[[ Material provided open ]]
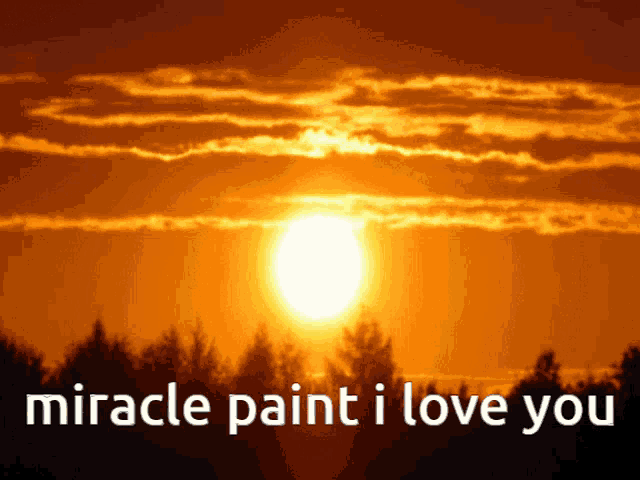 a sunset with the words " miracle paint i love you "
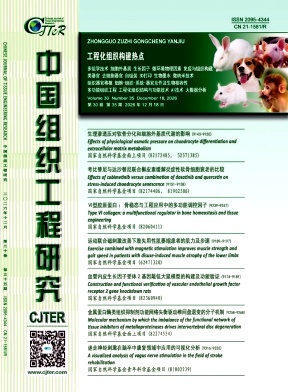 中国组织工程研究期刊封面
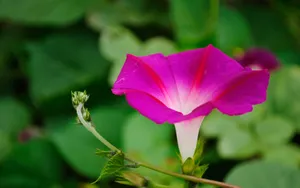 牵牛花高清图片壁纸_4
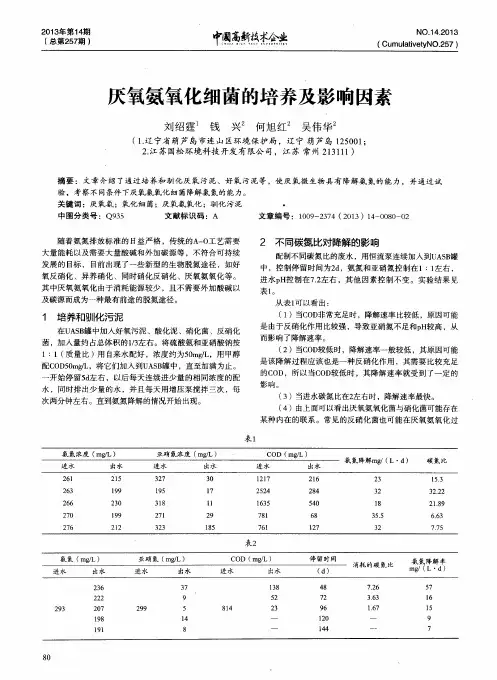 厌氧氨氧化细菌的培养及影响因素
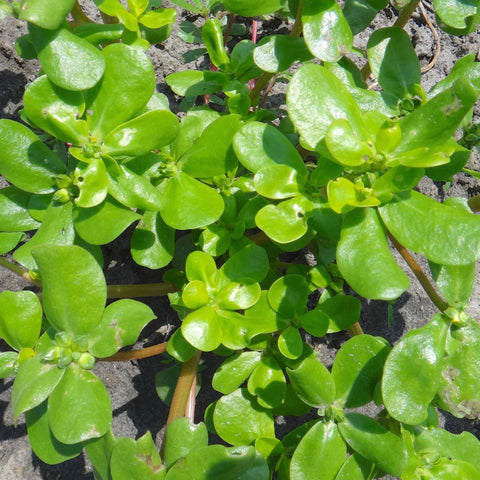 Une petite plante de Pourpier Doré aux feuilles vertes poussant dans la terre par Tourne-Sol.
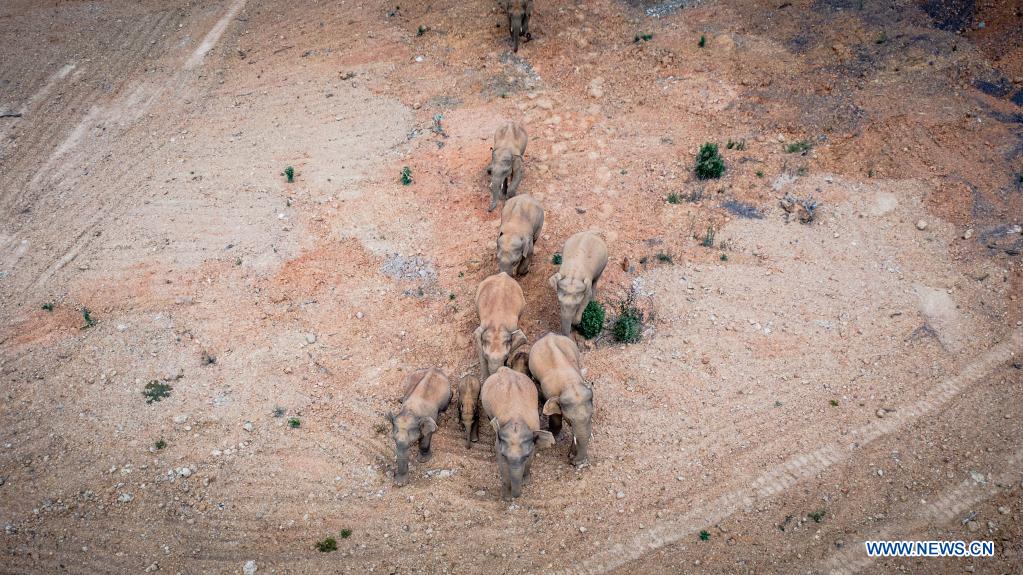 Wild Asian elephants migrating northward in southwest China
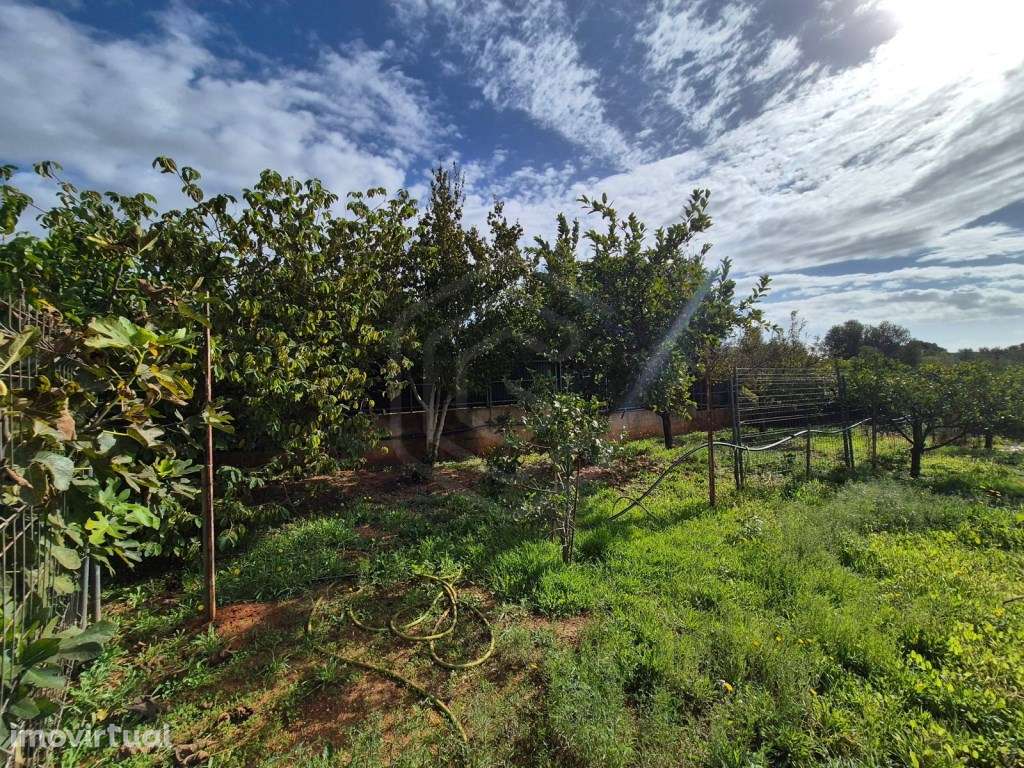 TERRENO PRONTO A USAR - RÚSTICO, PRÓXIMO À VILA SOL - Grande imagem: 2/41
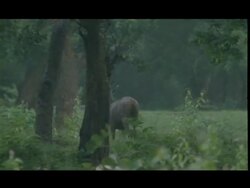 Sambar Deer (Cervus unicolor) walking in forest, raining, Bandipur Stock Footage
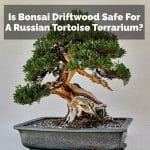 Is Bonsai Driftwood Safe For A Russian Tortoise Terrarium?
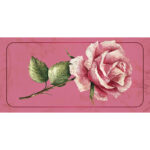 Love Affirmations Cards 12
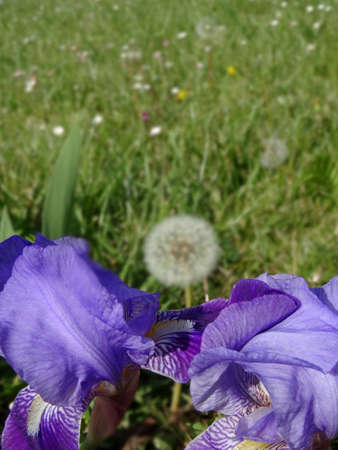 Corollas of iris in the wind plus defocused dandelion in the back against the grass in a vertical...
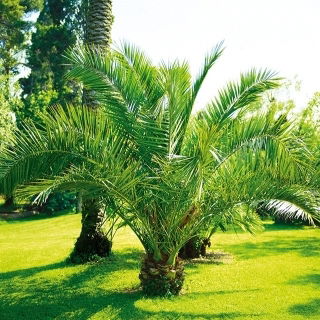 Palma królewska - daktylowiec kanaryjski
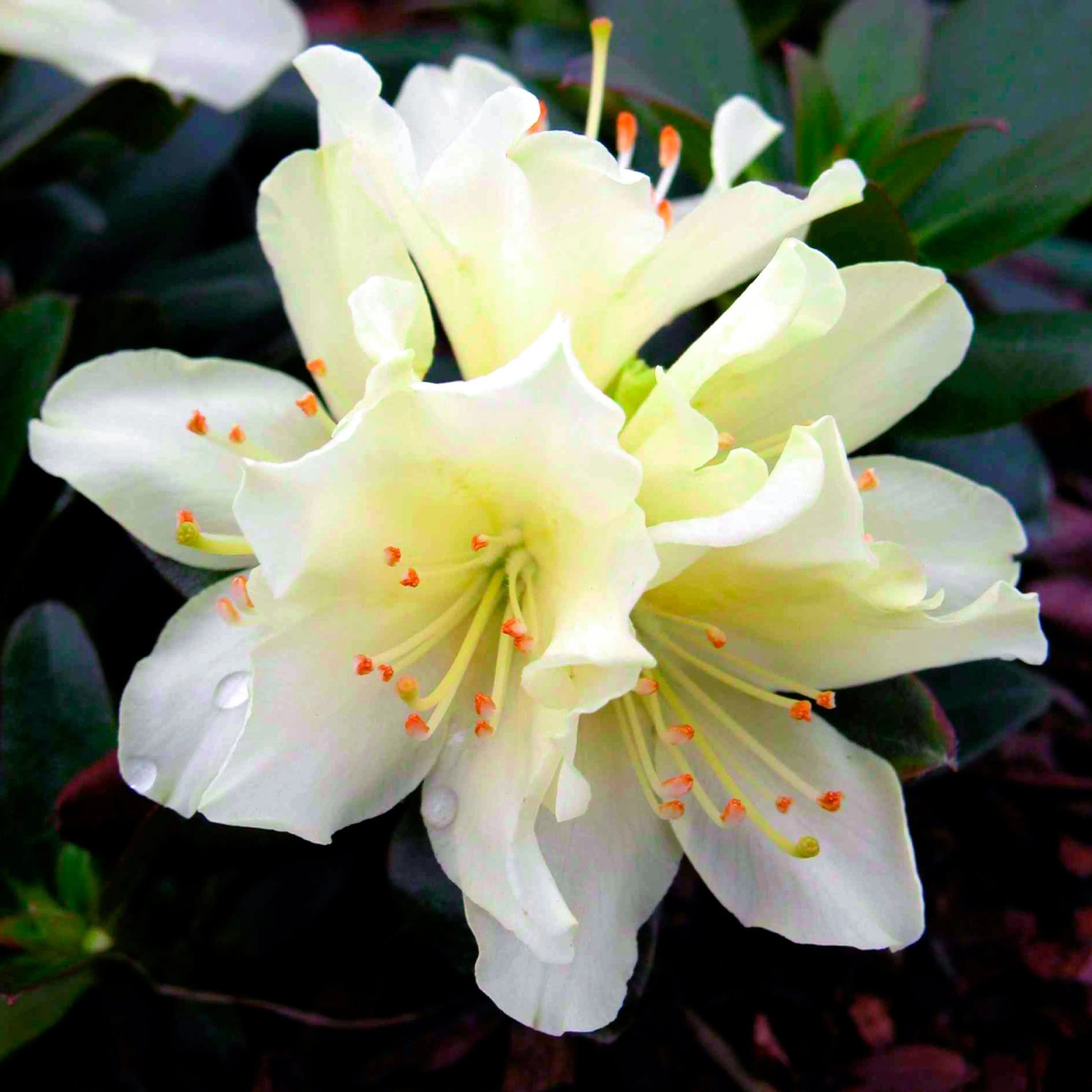 Rhododendron Ludlowii Wren Topf 2 l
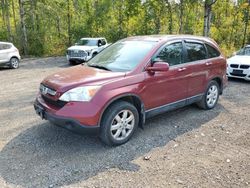 Carros salvage sin ofertas aún a la venta en subasta: 2008 Honda CR-V EXL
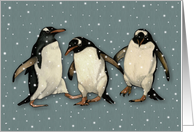 Any Occasion Blank Inside Three Happy Dancing Penguins in Snow card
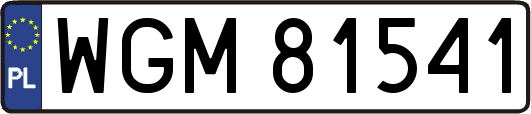 WGM81541
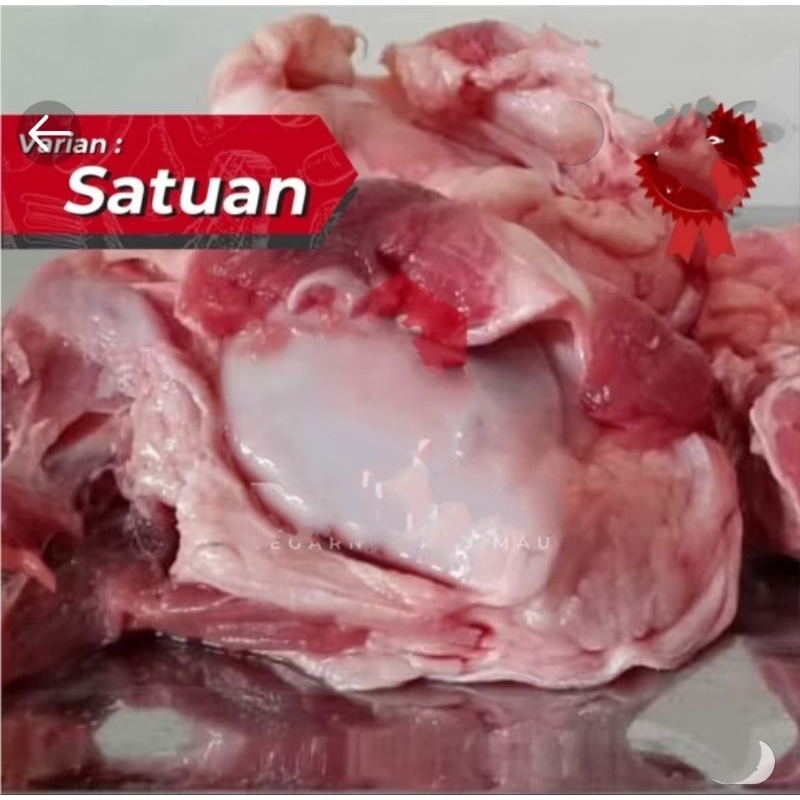 

ceklok sapi@satuan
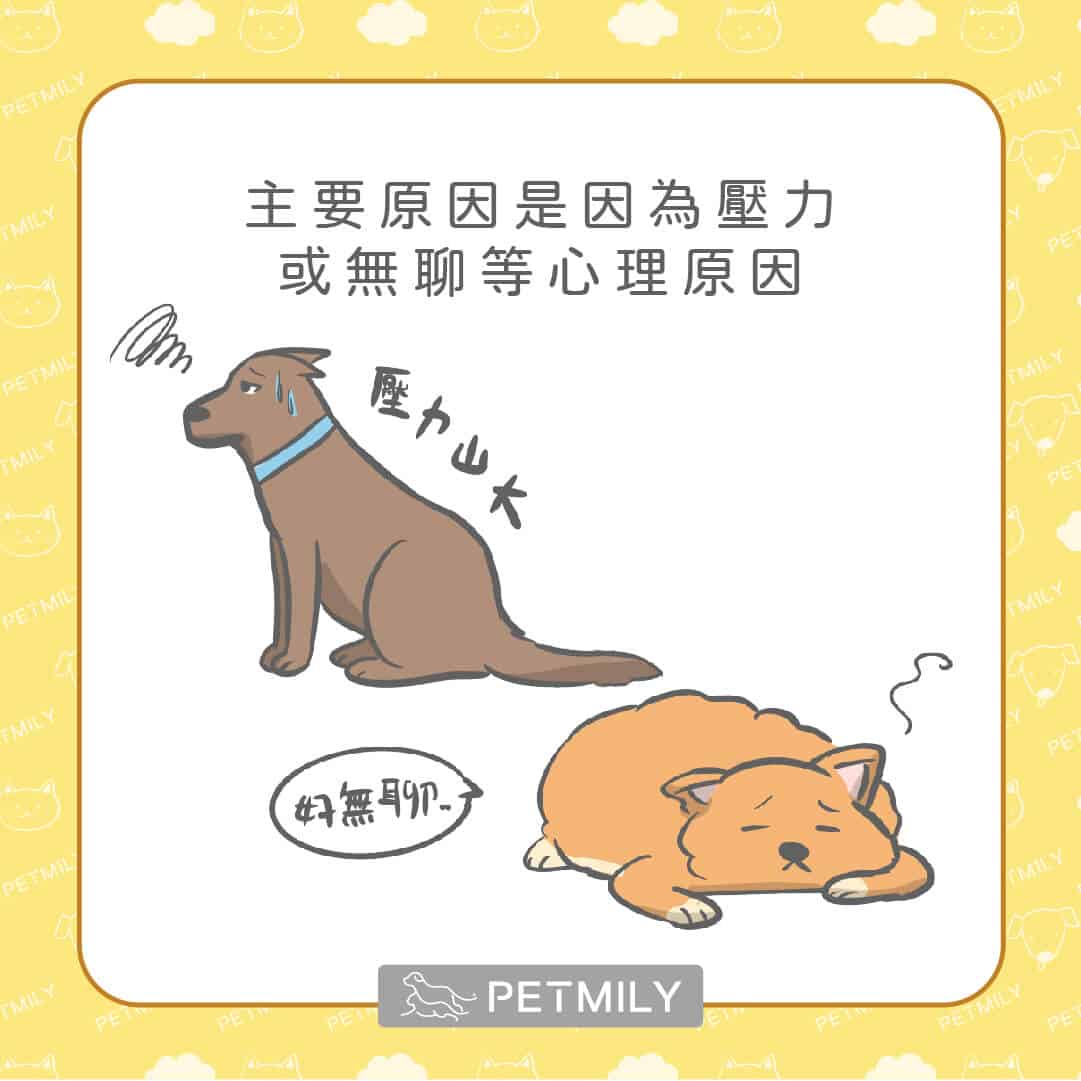 狗狗一直舔腳怎麼辦？用6招一次處理狗狗的心理性舔腳手問題！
[[ Material provided closed ]]
▶ [Directions]: Within the entries above, the lines from the one containing "中国组织工程研究期刊封面" through the one containing "Sambar Deer (Cervus" are to be transcribed exactly, ends included, pictures excluded.

▶ [Your response]:
 中国组织工程研究期刊封面
 牵牛花高清图片壁纸_4
 厌氧氨氧化细菌的培养及影响因素
 Une petite plante de Pourpier Doré aux feuilles vertes poussant dans la terre par Tourne-Sol.
 Wild Asian elephants migrating northward in southwest China
 TERRENO PRONTO A USAR - RÚSTICO, PRÓXIMO À VILA SOL - Grande imagem: 2/41
 Sambar Deer (Cervus unicolor) walking in forest, raining, Bandipur Stock Footage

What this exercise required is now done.